A home equity loan is a loan against the value of your home and what you owe on your home. For example, let's say you paid $100,000 for your home. You made a lot of improvements to your home and it is know appraised at $180,000. Then you could get a home equity loan for $80,000. This is cash loaned to you on the promise that you will pay it back. If you default on your West Virginia home equity loan, you may lose your home to foreclosure.

It is important to look at your financial situation carefully before you apply for a home equity loan. Will you be able to afford the additional payments easily? If the additional payment is really going to stretch your budget, then maybe a home equity loan is not for you. You don't want to risk losing your home.

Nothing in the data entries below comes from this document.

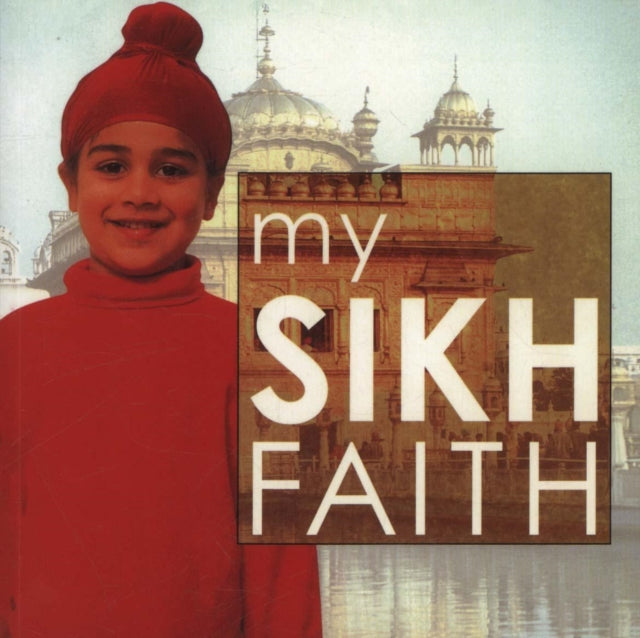 Book cover of: My Sikh Faith. By: Kaval Singh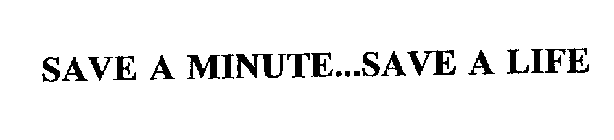 SAVE A MINUTE...SAVE A LIFE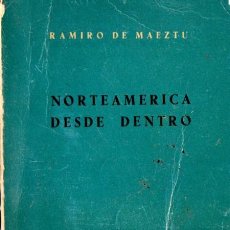 Libros de segunda mano: RAMIRO DE MAEZTU : NORTEAMÉRICA DESDE DENTRO (EDITORA NACIONAL 1957). Lote 48348525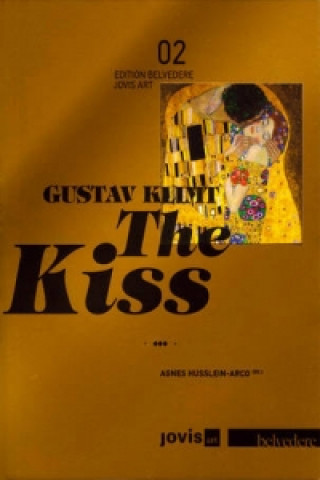 Könyv Gustav Klimt: The Kiss Agnes Husslein-Arco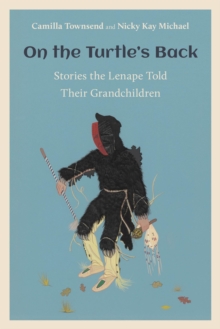 Image for On the turtle's back  : stories the Lenape told their grandchildren
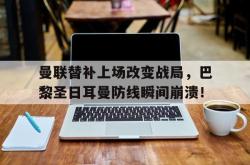 曼联替补上场改变战局，巴黎圣日耳曼防线瞬间崩溃！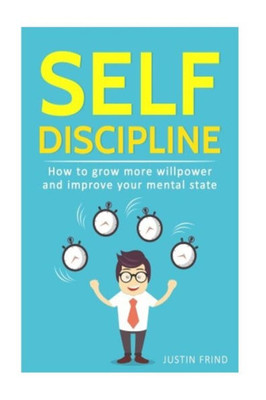 Self Discipline : How To Grow More Willpower And Improve Your Mental State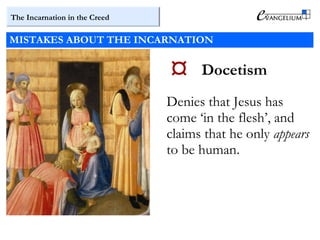 The Incarnation in the Creed
MISTAKES ABOUT THE INCARNATION
 Docetism
Denies that Jesus has
come ‘in the flesh’, and
claims that he only appears
to be human.
 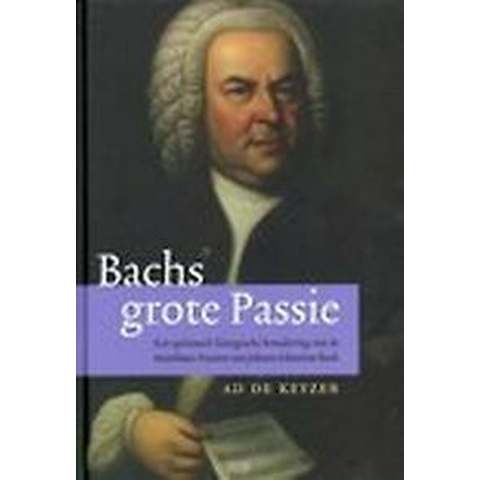 Bachs grote passie (Paperback)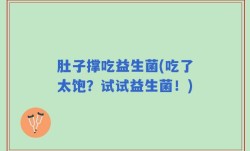 肚子撑吃益生菌(吃了太饱？试试益生菌！)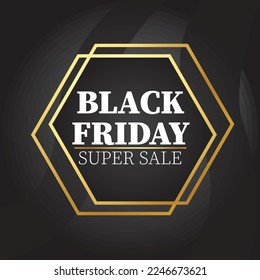 Black friday super sale sign with gold polygon on black background illustration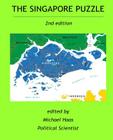 The Singapore Puzzle By Clark D. Neher, Christopher Lingle, Kurt Wickman Cover Image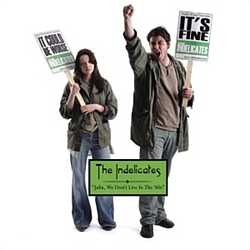 The Indelicates - Julia, We Don&#039;t Live in the &#039;60s album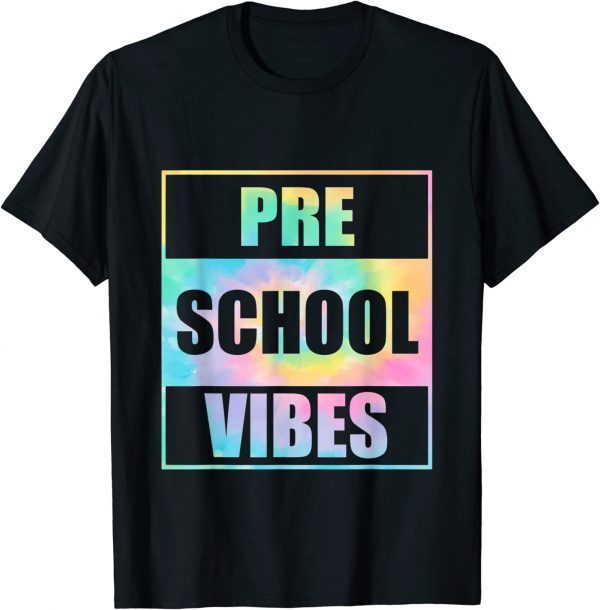 Back To School Preschool Vibes Tie Dye First Day Teacher 2022 Shirt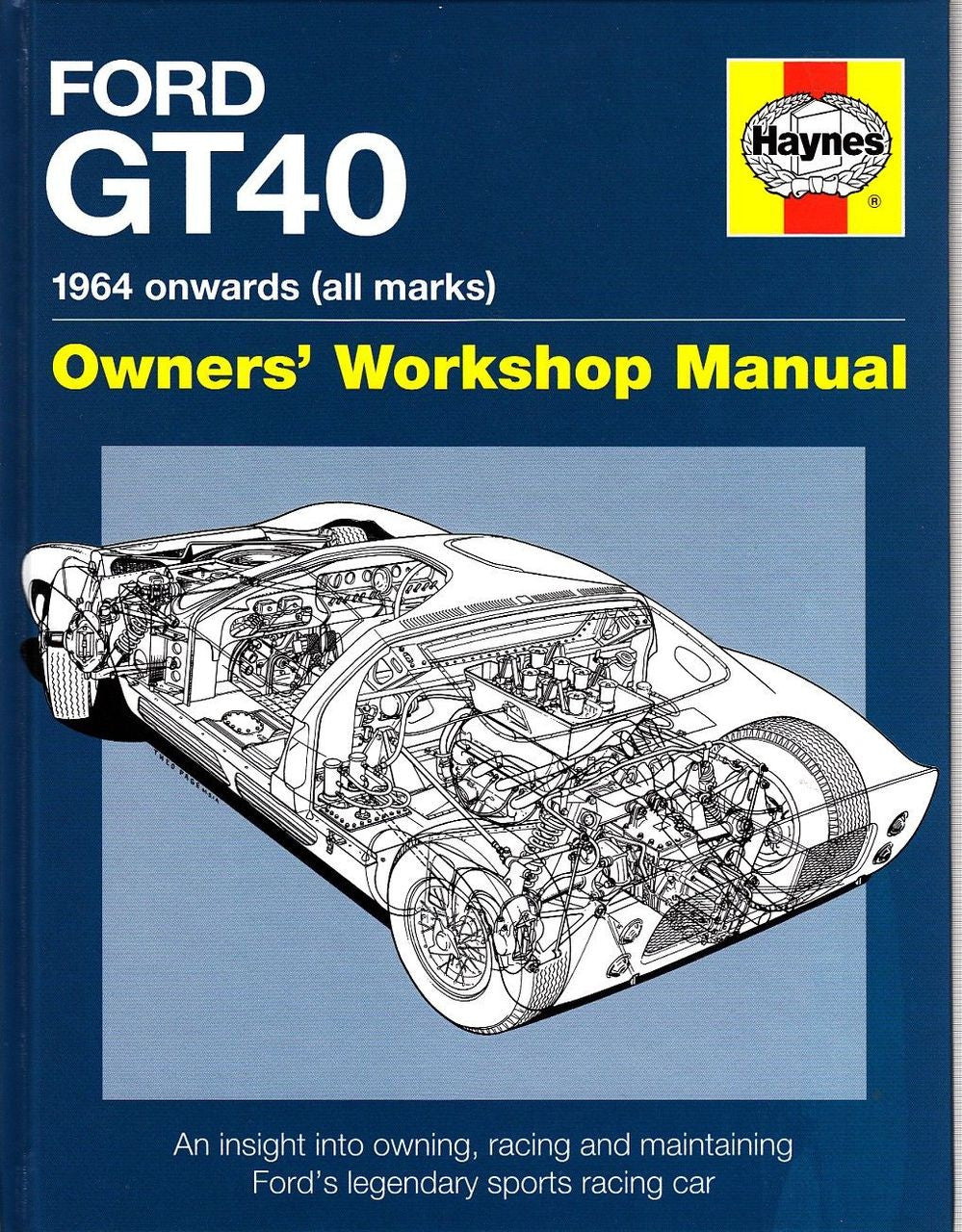 Ford GT40 1964 onwards Owners' Workshop Manual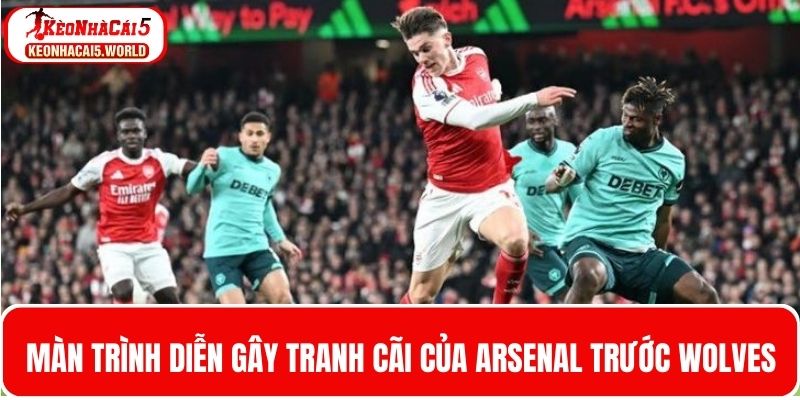 Arsenal có màn trình diễn gây tranh cãi trước Wolves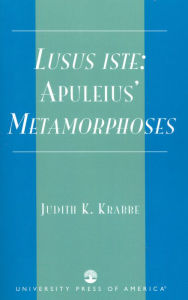 Title: Lusus iste:: Apuleius' Metamorphoses, Author: Judith K. Krabbe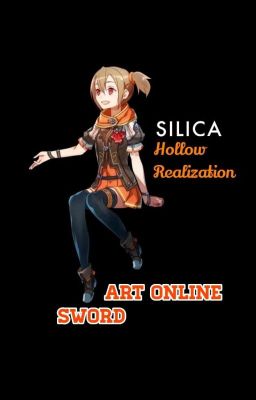 SILICA : Sword Art Online Hollow Realization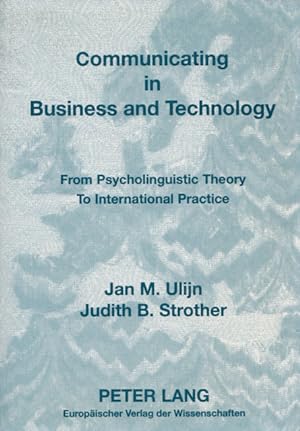 Communicating in Business and Technology: From Psycholinguistic Theory to International Practice.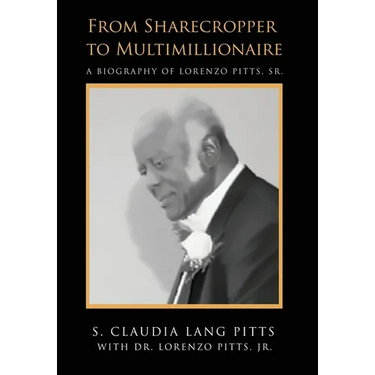 From Sharecropper to Multimillionaire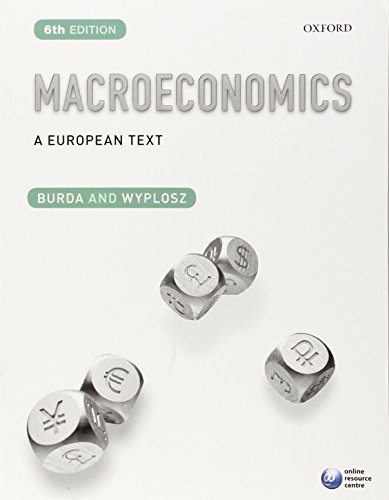 Macroeconomics: A European Text - Burda, Michael and Charles Wypolsz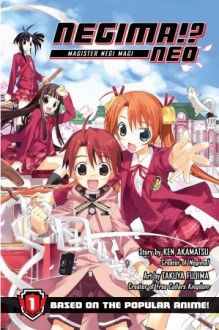 Negima!? Neo 1: Magister Negi Magi - Ken Akamatsu, Takuya Fujiyama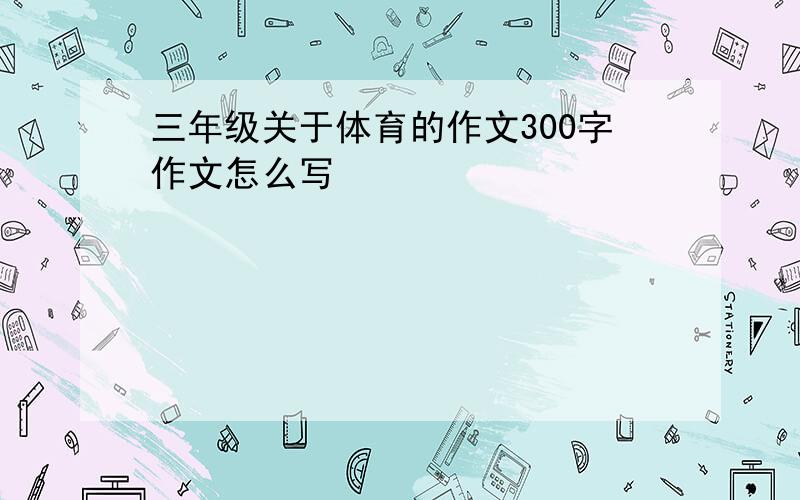 三年级关于体育的作文300字作文怎么写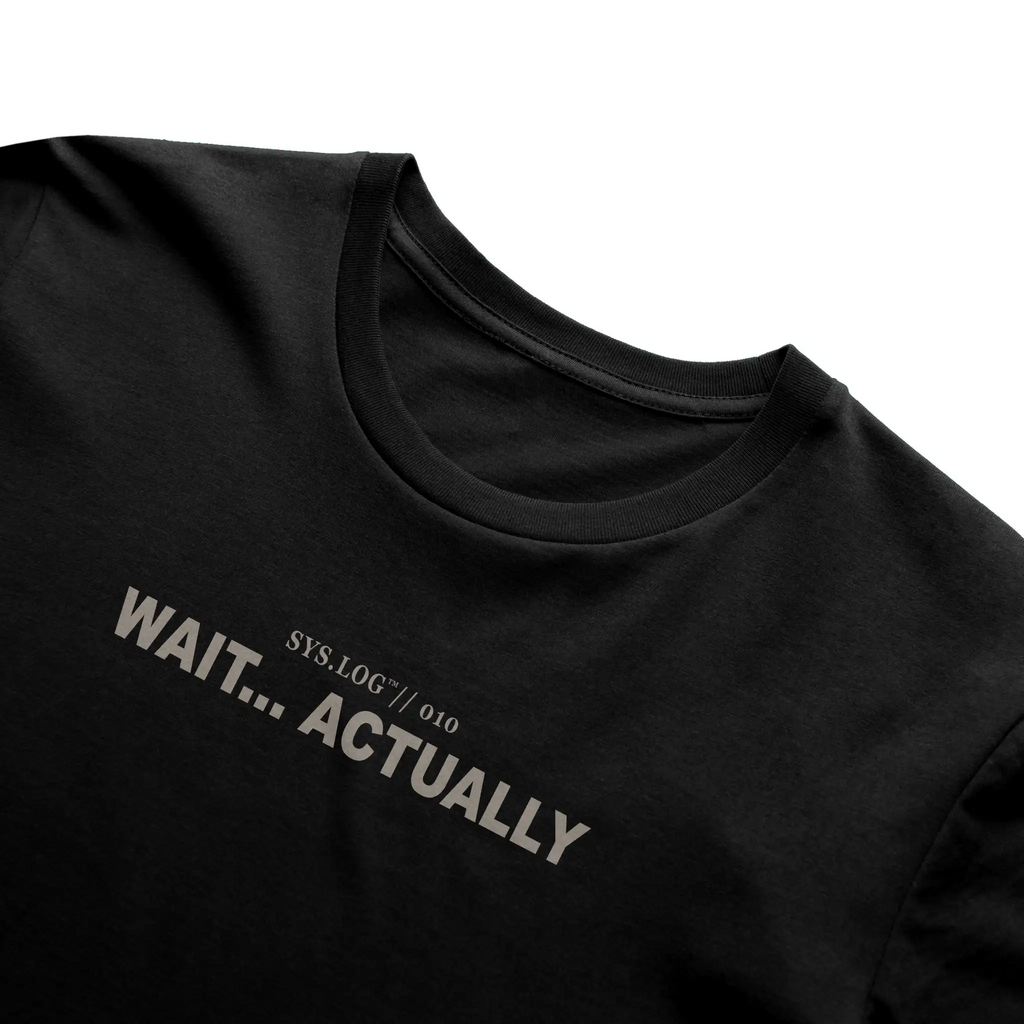 SYS.LOG // 010 - WAIT... ACTUALLY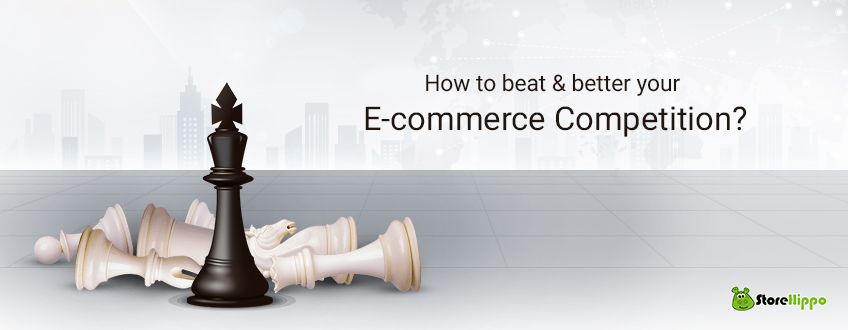 How to beat and better your E-commerce Competition?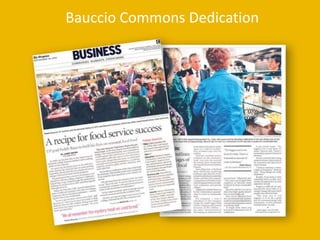 University Relations46Bauccio Commons Dedication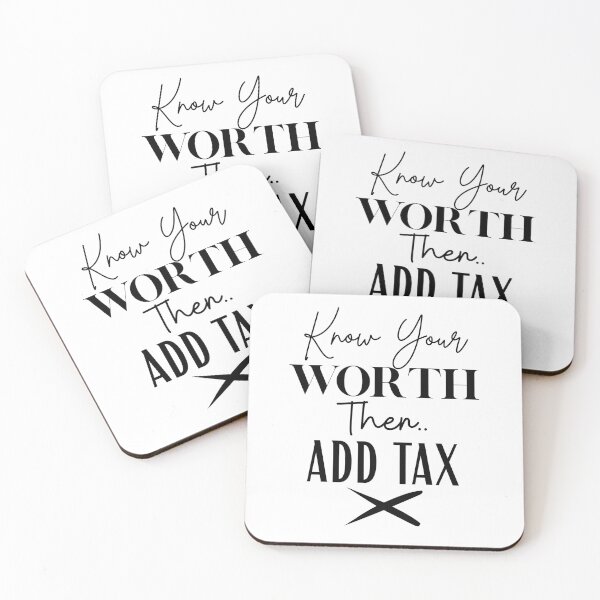 Item preview, Know Your Worth Then Add Tax | Funny Motivational Quote designed and sold by highflycrafts.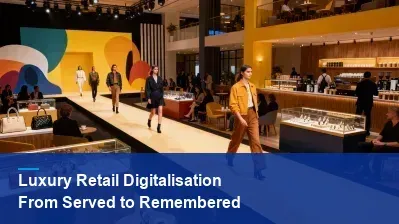 Luxury Retail Digitalisation: From Being Served to Being Remembered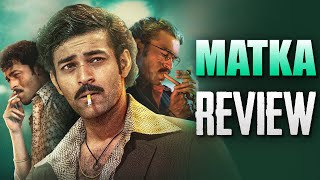 Matka Movie Review  Varun Tej  KarunaKumar  Telugu Movies  THYVIEW [upl. by Atimad996]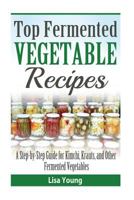 Top Fermented Vegetable Recipes: A Step-by-Step Guide for Kimchi, Krauts, and Ot 1523848456 Book Cover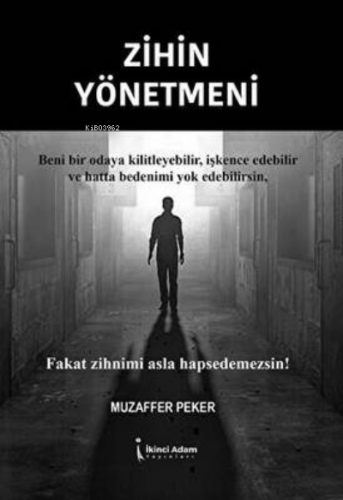 Zihin Yönetmeni | Muzaffer Peker | İkinci Adam Yayınları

If the additional payment is no problem, then do some shopping around for the best rates for you on a West Virginia home equity loan. Most banks are very competitive and you may be able to lock in a very good rate if you comparison shop, whether you are in West Virginia or any other state.

Always make sure that you know what is in your loan contract before you sign it. The best thing to do would be to take it to your attorney and have him look over it thoroughly before you agree to sign it. Make sure that your rates will be fixed so that your payments will not increase over the years.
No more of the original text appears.